In digital advertising, unlike stock markets, real-time bidding (RTB) markets are open 24/7, so Eyeview’s systems are always up and always bidding. Our software is constantly looking for the right users and then matching those people with the most relevant ads.
At the same time, we know that systems are imperfect, and sometimes things will fail. Individual servers fail, whole racks may lose power, and entire data centers could be brought down by storms or bugs (think Hurricane Sandy or an AWS outage like the one in 2012).
As we grow and mature as a company, we need our software to be able to survive those obstacles with minimum impact to the business, which is why we need to worry about high availability (HA) of our systems.
There are many different levels of HA out there in terms of scope (host, cluster, system, region, etc.) as well as solution (cold standbys, hot standbys, active-active, etc.). The right solution will be use-case specific. Entire region failovers may or may not be possible without using multiple cloud providers since failing over to a different region may not be tolerable by applications that require low latency (e.g. ad tech RTB usually requires sub-50ms latencies while stock trading requires even lower), or it may simply be cost-prohibitive if you need to replicate your entire tech stack. Based on our needs, we are currently using one AWS region, US EAST, and for us, HA means being able to sustain anything up to a full AWS Availability Zone failure.

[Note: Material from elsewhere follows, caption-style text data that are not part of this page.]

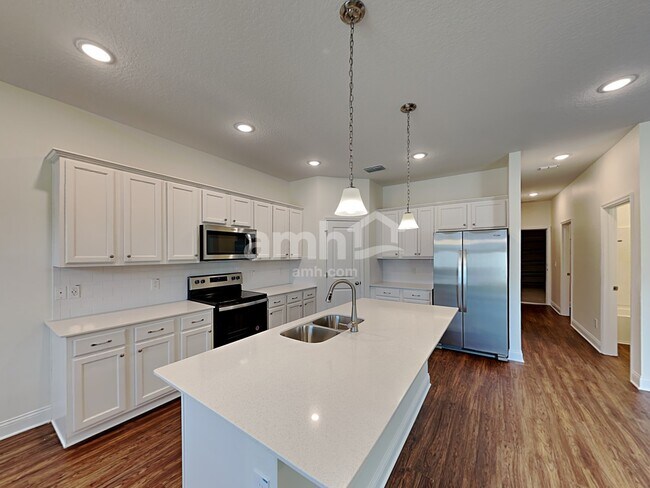 Photo - 6038 Little Blf Cir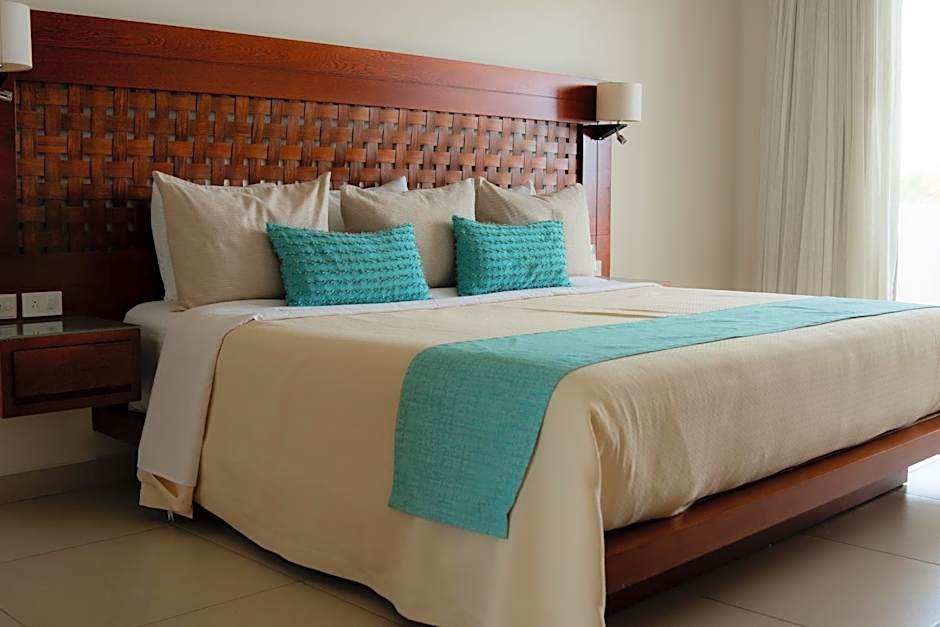 Photo 1 of 8 of Suite, Sea View
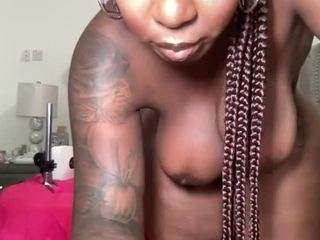 coco-dethick webcam camsoda model stream image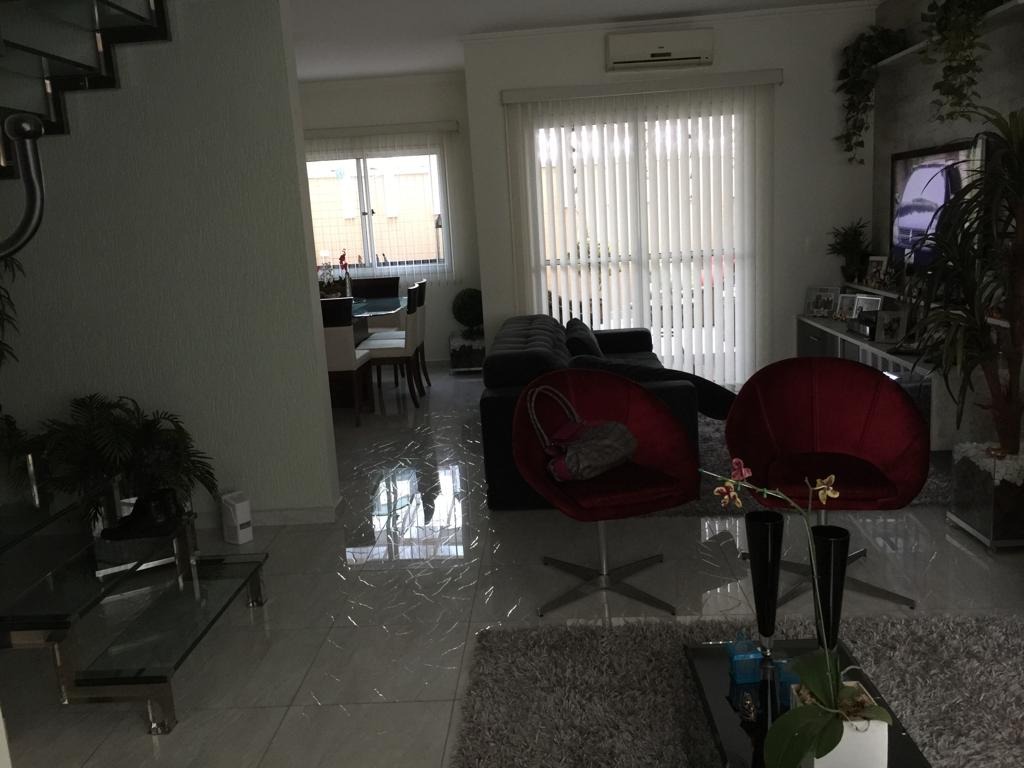 Casa, 3 quartos, 240 m² - Foto 2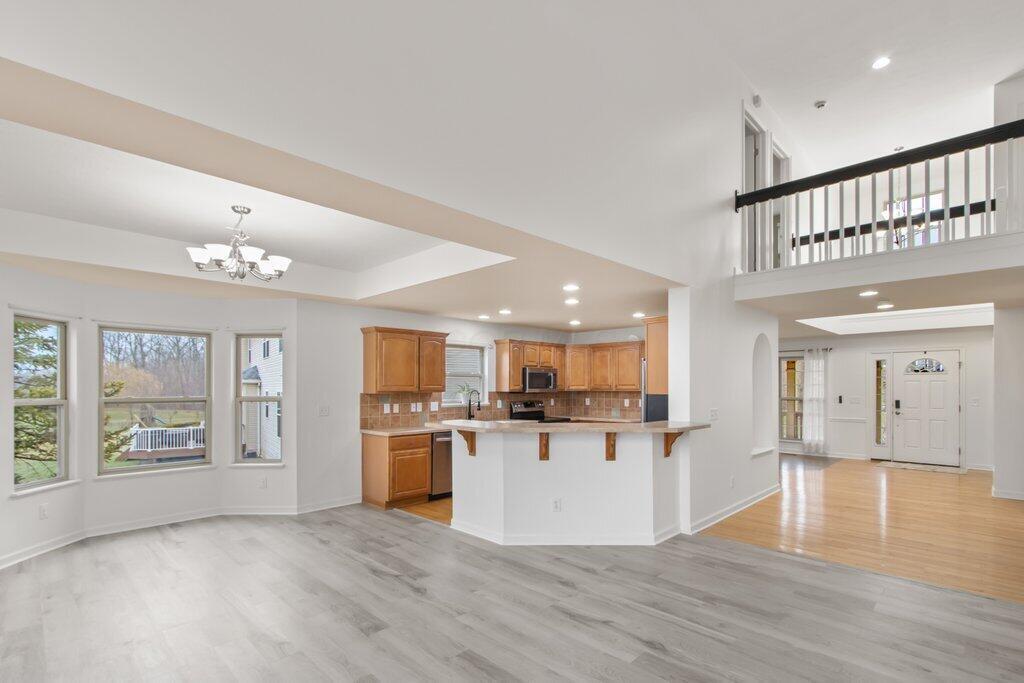 Lewis Center, Ohio, 43035, United States, 5 Bedrooms Bedrooms, ,3 BathroomsBathrooms,Residential,For Sale,2010957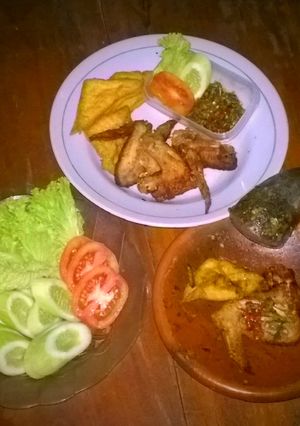 Foto resep Sayap Ayam dan Tahu Penyet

We started with an active-active architecture that leverages multiple AZs. This also allowed us to use a diverse EC2 Spot market for our c3.2xlarge instances across different “markets” when one zone runs out of our desired instance type or the prices for that instance type become too high. For that reason alone, we ran in 3 zones. The below diagram shows a simplified version of our architecture with a cluster of real-time load balancers (RLBs) that are protocol aware, a cluster of bidders that implement our RTB bidding strategies and a cluster of Solr servers that we use for geo queries. Each of these clusters spans multiple AZs.
This setup was working for us quite well initially. However, as we started pushing more data around, we saw our cross-AZ traffic skyrocket (AWS charges for cross-AZ traffic while traffic within the same AZ is free). Another issue we noticed was that cross AZ round-trip times are often above 1ms, and when you have low-latency requirements in a micro-service environment, spending 1ms on each network hop can quickly add up.
To solve these problems, we decided that we had to stay vertical within AZs. This allowed us to cut both on latency and cross AZ traffic/cost. Looking forward, this also makes it easy for us to replicate the vertical “chain” in a new zone or region as it becomes an independent entity. In order to achieve that, we had to make infrastructure changes—mostly to our load balancers, application discovery services and cluster managers, limiting visibility of instances to be within a single zone. And in order to avoid issues with AWS spot prices and availability within a given AZ, we diversified our spot instance types to include multiple varieties with similar characteristics (c, m and r-s—see here for list of instance types). This is reflected in our updated architecture—we now have one RLB cluster per zone, one bidder cluster per zone and one Solr cluster per zone—each with their own scalability.
Some AWS services such as DynamoDB and S3 already replicate data across multiple AZs and provide free cross-AZ access so no changes were needed there. For other services that are not latency-critical or that don’t get a lot of traffic, we decided to continue using cross-AZ connections as we didn’t think that changing them was worth the effort (such as MongoDB and statsd).
This change saved us a lot of money and shaved off a few milliseconds from our response time while giving us peace of mind for future AZ failures. Together with our work on service elasticity, it allows us to seamlessly switch over to a single AZ in case of an issue. We feel this is currently the best way for us to do multi-AZ HA on AWS while also setting us up on the path to go beyond AZs.
The next step is to figure out how to handle full AWS-region failures while maintaining our sub 50ms response time.